No documento, assinado pelo diretor-geral da corporação, Andrei Rodrigues, a PF afirma que facções não podem ser classificadas como terroristas no ordenamento jurídico brasileiro, considerando que mesmo sem uma definição universal para o conceito, há um "relativo consenso internacional quanto aos elementos essenciais que caracterizam este fenômeno".
Segundo a PF, o fenômeno inclui atos violentos cometidos por motivos políticos, ideológicos, religiosos, xenófobos ou discriminatórios, com o objetivo de provocar terror social, intimidar populações ou coagir governos. Para a corporação, estas não seriam as intenções das facções criminosas no país.
"Em contrapartida, as organizações criminosas são grupos estruturados que se dedicam a atividades ilícitas com o objetivo primordial de obtenção de lucro", diz o documento.
A corporação ressalta que o PCC e CV funcionam numa lógica econômica, mesmo com um grau de organização e violência. As facções atuam em diversos âmbitos como tráfico de drogas, armas, pessoas, mas sempre com objetivo de lucro.
A PF rebate também o principal argumento do governo americano para a classificação das organizações como terroristas: o uso da violência.
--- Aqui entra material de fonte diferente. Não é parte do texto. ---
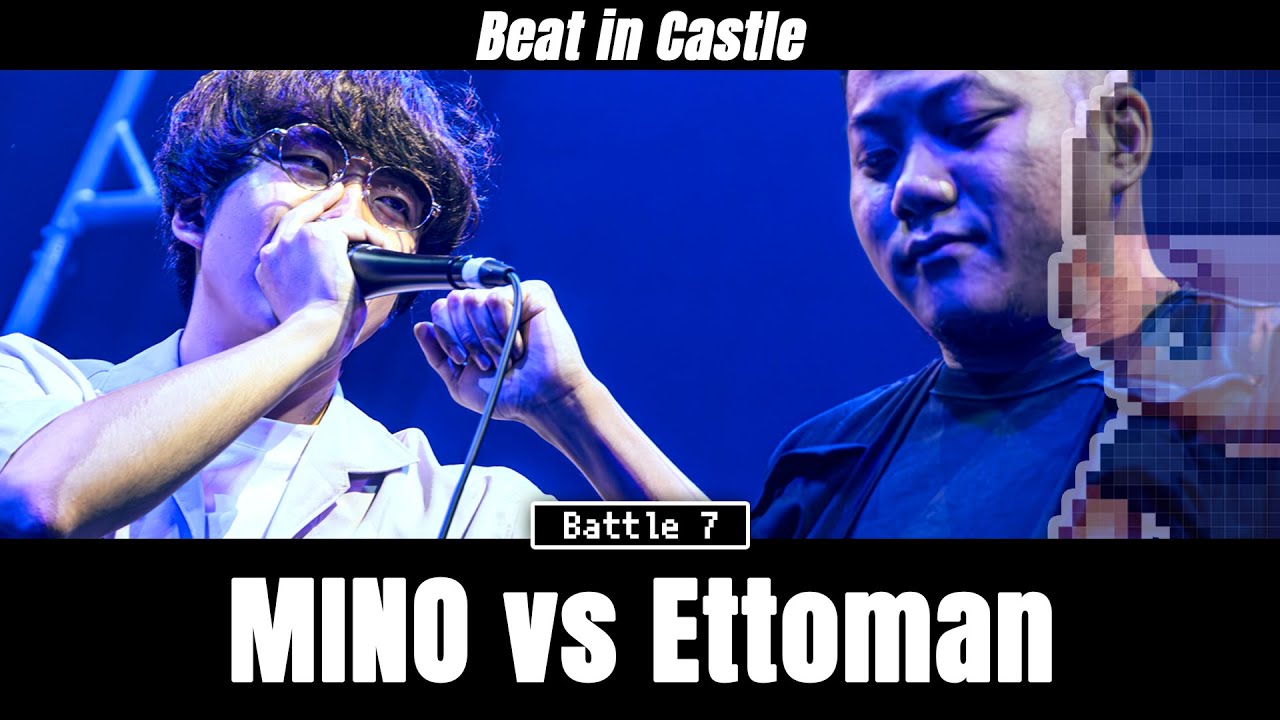 【Beat in Castle】MINO vs Ettoman | Battle 7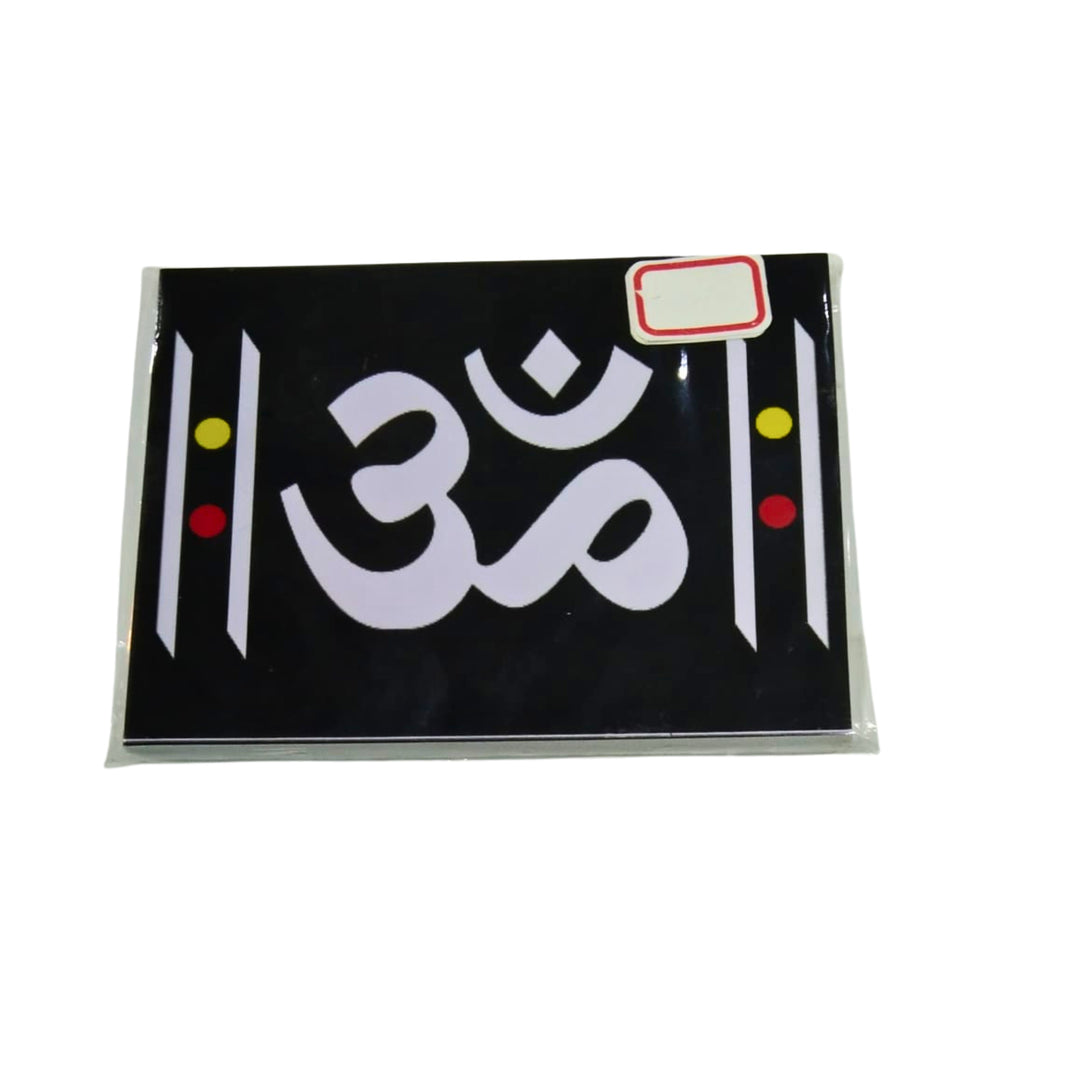 NAMA FUSION, Om Frame, Yogiraj SHG, Local Craftsmanship, Pack of 1 no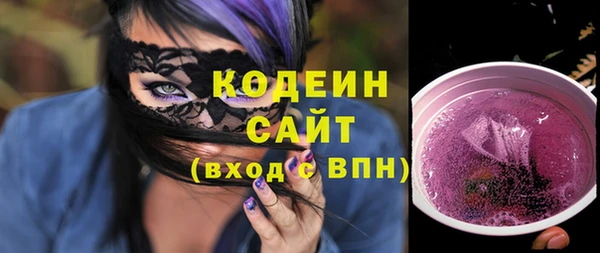 эйфоретик Вязники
A corporação defende que este elemento não é suficiente.
"Ao contrário, direcionam suas ações violentas principalmente contra adversários específicos, sejam eles forças policiais ou grupos criminosos rivais", afirma, rebatendo a ideia de terror indiscriminado.
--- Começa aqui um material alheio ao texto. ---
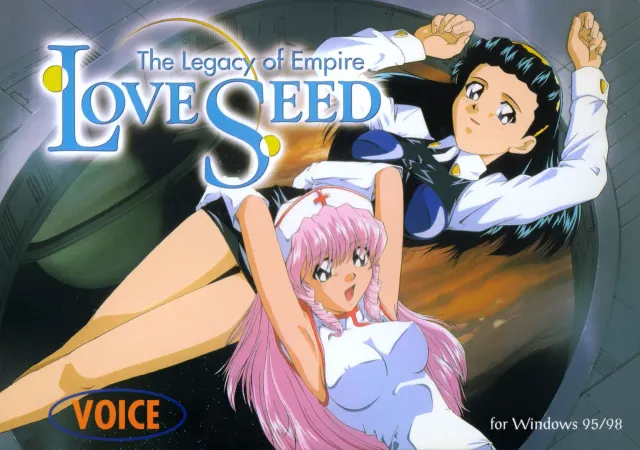 Love Seed ~The Legacy of Empire~ 封面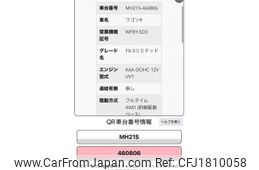 suzuki wagon-r 2005 CFJ1810058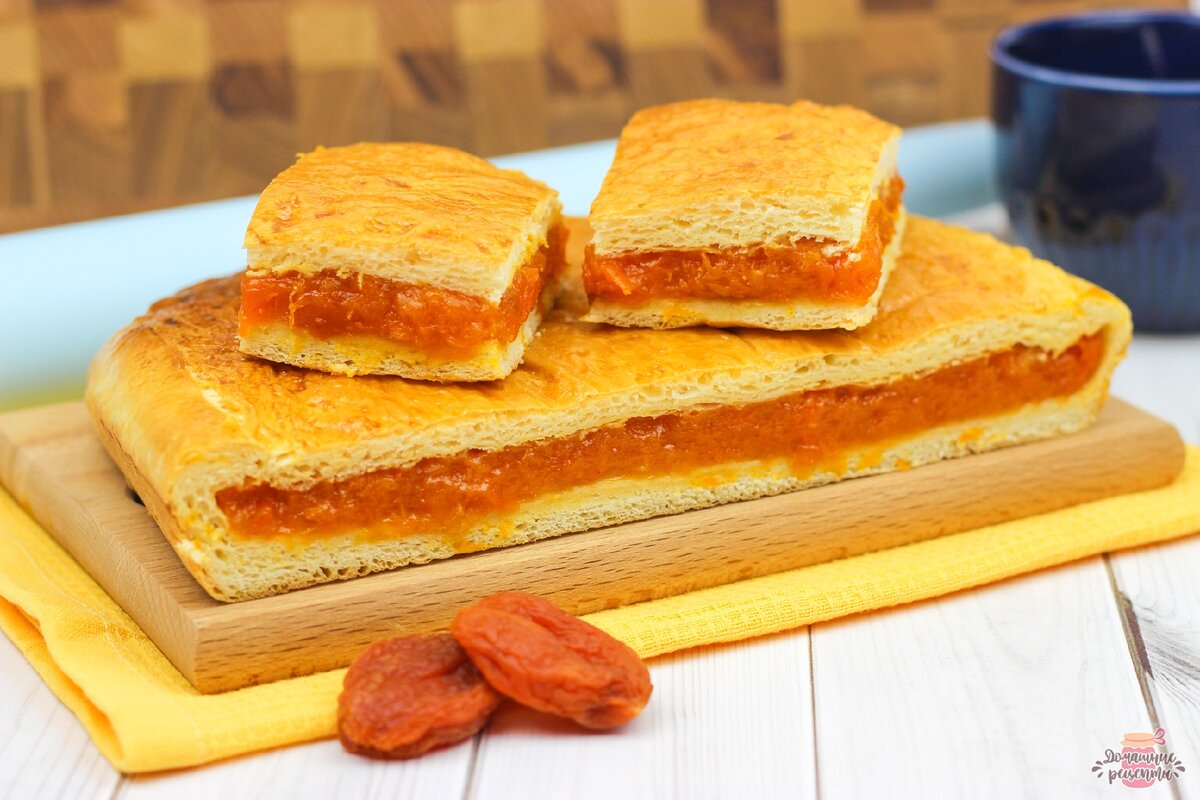 Пирог с тыквой и курагой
No entanto, a PF reconhece o "risco severo à ordem pública e à segurança institucional" oferecido por essas organizações e destaca que os grupos devem receber respostas especializadas do Estado.
O documento também trata dos efeitos jurídicos de uma possível reclassficação. A aplicação da Lei Antiterrorismo poderia violar o princípio da legalidade penal, o que abriria espaço para questionamentos judiciais e poderia culminar na anulação de provas em investigações, alterando processos em andamento.
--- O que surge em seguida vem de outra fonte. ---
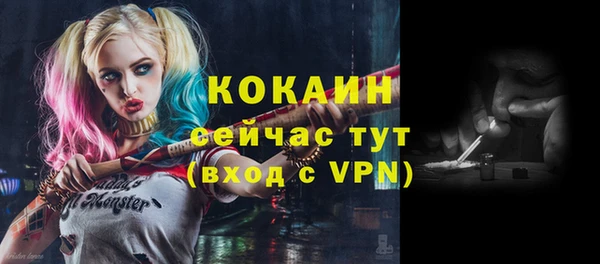 герыч Верхнеуральск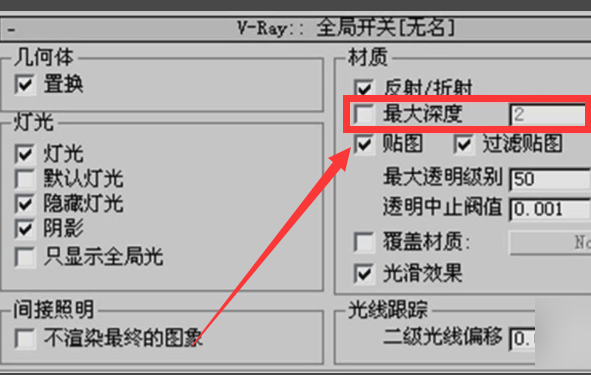 vray渲染器的灯光细分设置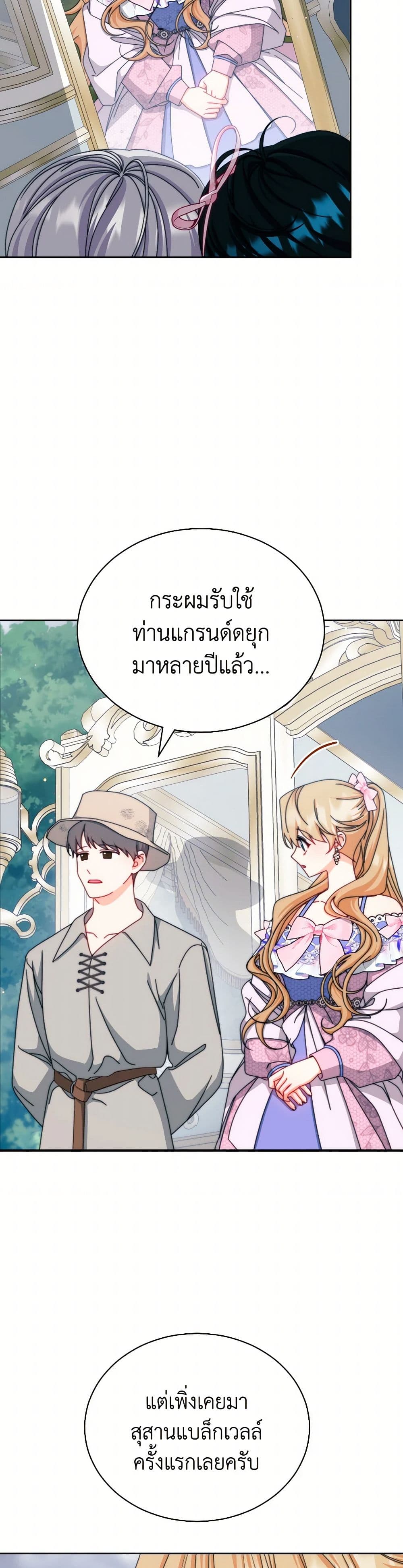Writing My Male Lead's Happily Ever After page 3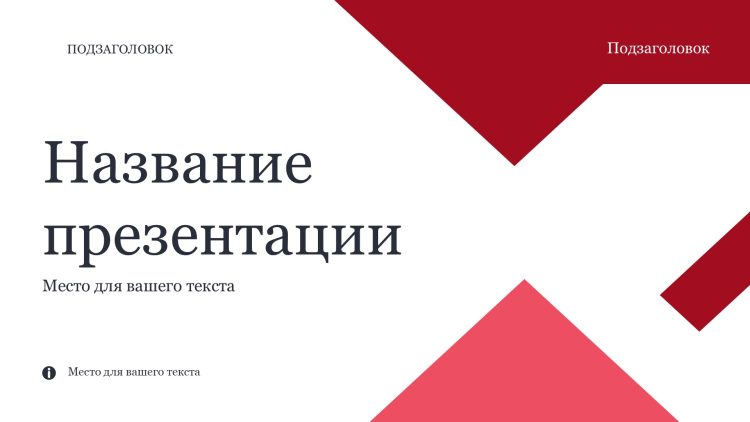 Красный шаблон презентации #12 - Универсальный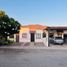 Maison 2 chambre à vendre à Hermosillo, Sonora, Hermosillo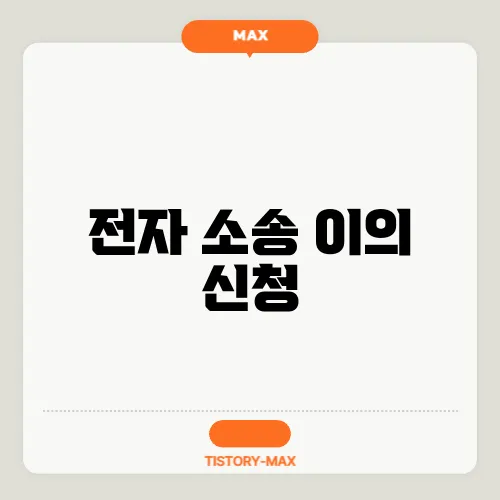 전자 소송 이의 신청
Além disso, a PF pontua que a mudança exigiria uma alteração formal na lei brasileira, já que as facções são tratadas na Lei de Organizações Criminosas (n° 12.850/2013), gerando um limite legal. Ressalta também que coordena ações de enfrentamento estruturado por meio das Forças Integradas de Combate ao Crime Organizado (Ficco), e que ao longo de 2024, operações realizadas obtiveram números expressivos no combate ao crime organizado no Brasil.
Em 2024, cerca de 180 operações foram deflagradas, com 1,6 mil mandados de busca e apreensão cumpridos, 700 prisões temporárias e preventivas cumpridas e mais de R$ 300 milhões em bens apreendidos.
O documento destaca que mesmo divergindo da classificação jurídica, o Brasil mantém cooperação ativa com os EUA.